● **PROVIDED DATA**
- - -
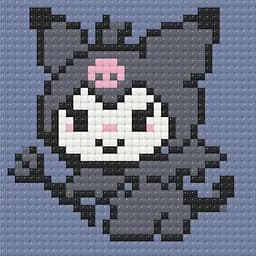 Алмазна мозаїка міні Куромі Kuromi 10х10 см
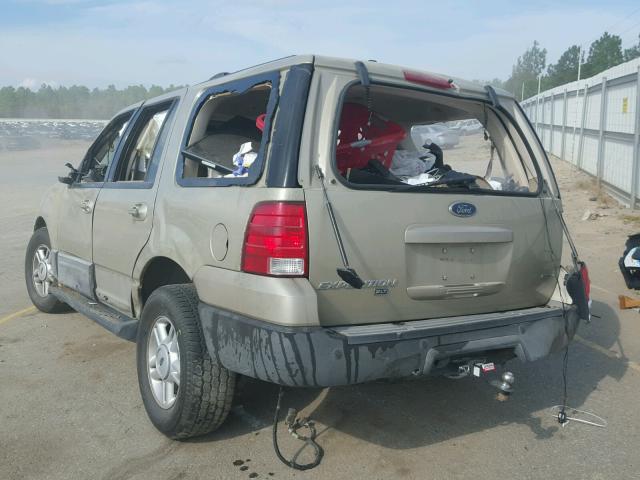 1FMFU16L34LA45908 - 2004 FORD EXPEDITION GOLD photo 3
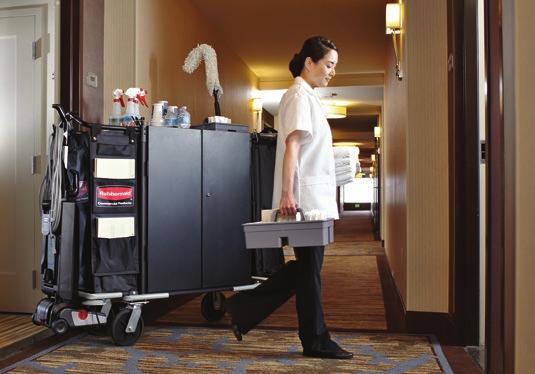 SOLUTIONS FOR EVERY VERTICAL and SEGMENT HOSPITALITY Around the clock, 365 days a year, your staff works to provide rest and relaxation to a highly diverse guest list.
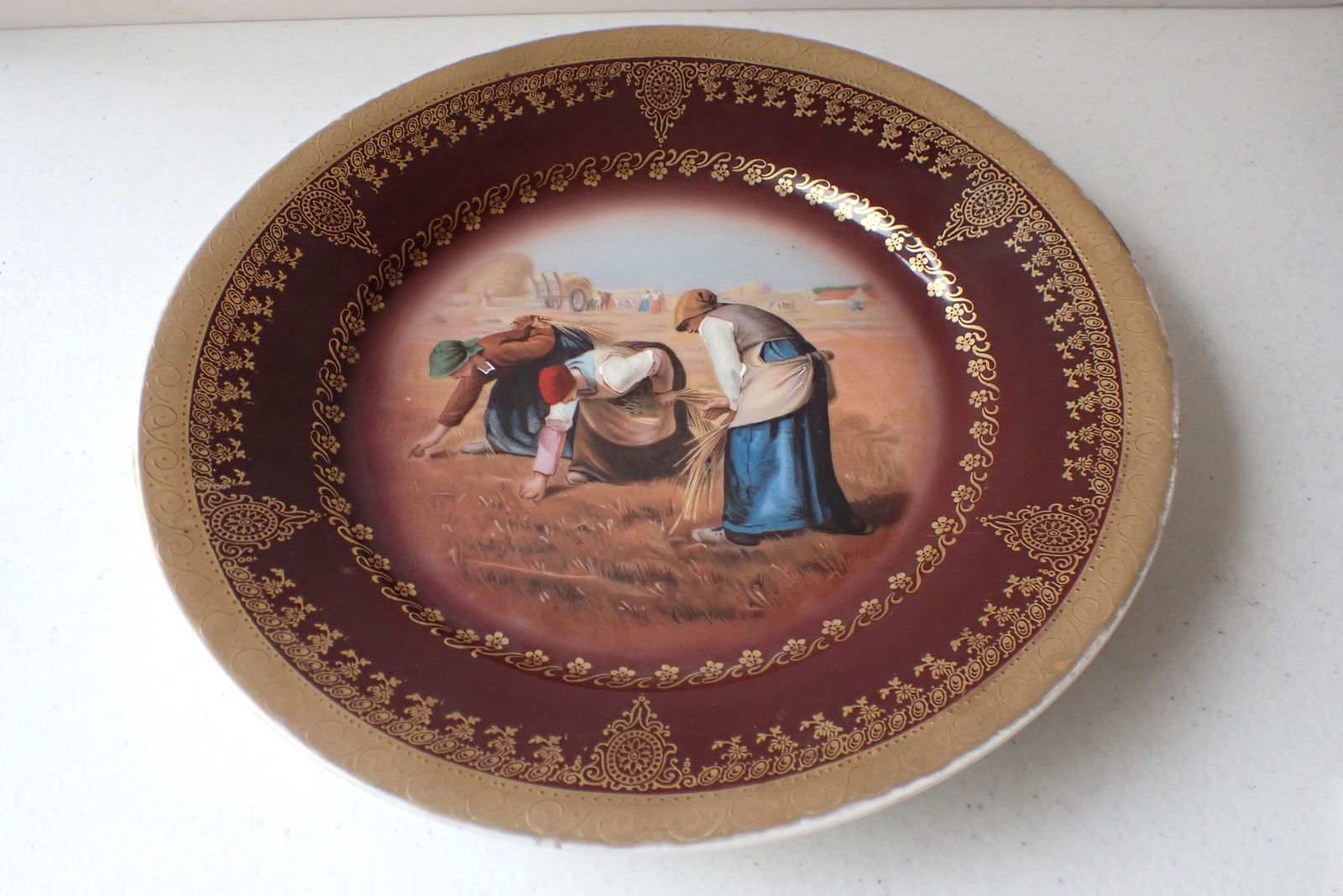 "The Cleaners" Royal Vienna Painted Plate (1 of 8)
- - -
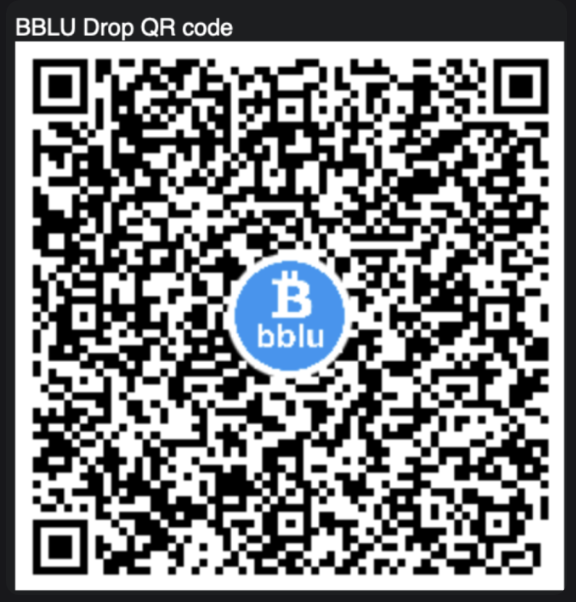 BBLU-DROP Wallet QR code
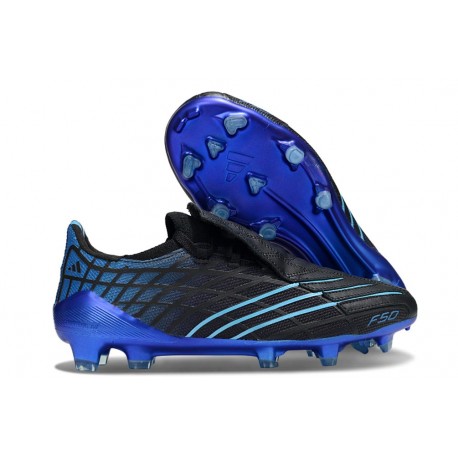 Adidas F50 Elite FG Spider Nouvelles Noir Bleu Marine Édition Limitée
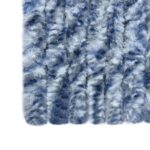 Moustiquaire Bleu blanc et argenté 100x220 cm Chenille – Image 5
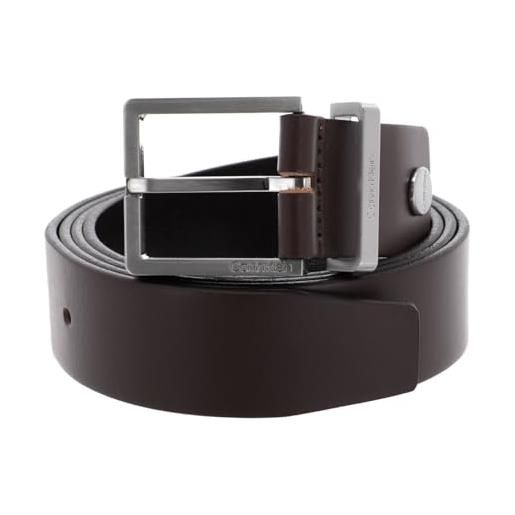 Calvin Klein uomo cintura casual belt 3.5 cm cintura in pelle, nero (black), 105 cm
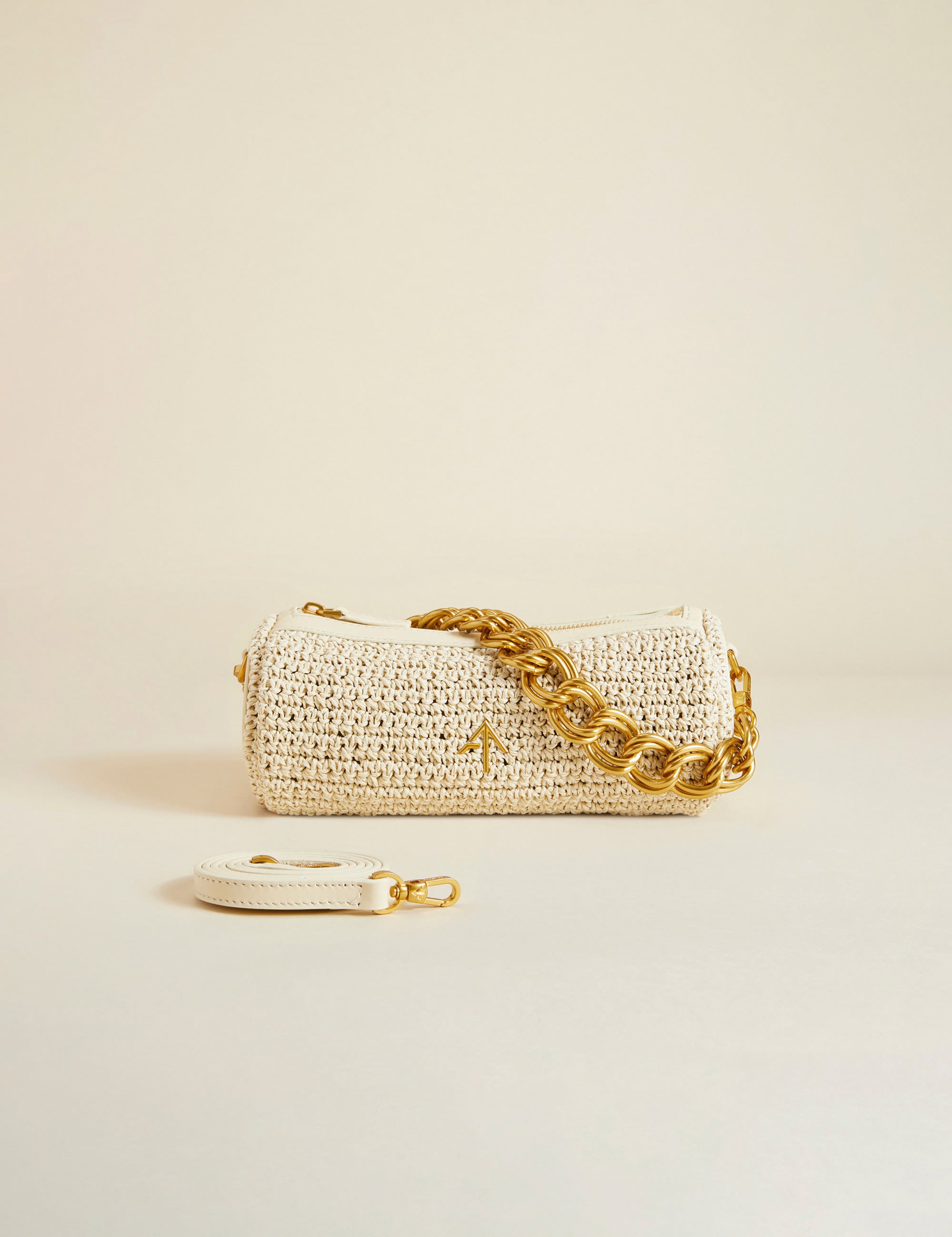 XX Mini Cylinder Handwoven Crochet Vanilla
- - -
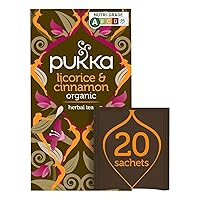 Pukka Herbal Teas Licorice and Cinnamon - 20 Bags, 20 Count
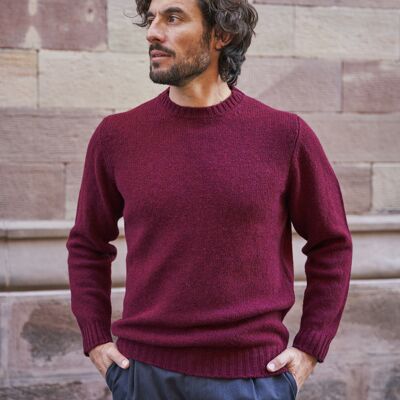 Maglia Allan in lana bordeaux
- - -
● **WHAT TO PRODUCE**
Give again the stretch of lines above from the one with "Moustiquaire Bleu blanc" through the one with "XX Mini Cylinder Handwoven Crochet Vanilla", both ends kept, and copy no pictures.

● **SOLUTION TO THIS EXERCISE**
 Moustiquaire Bleu blanc et argenté 100x220 cm Chenille – Image 5
 Calvin Klein uomo cintura casual belt 3.5 cm cintura in pelle, nero (black), 105 cm
 XX Mini Cylinder Handwoven Crochet Vanilla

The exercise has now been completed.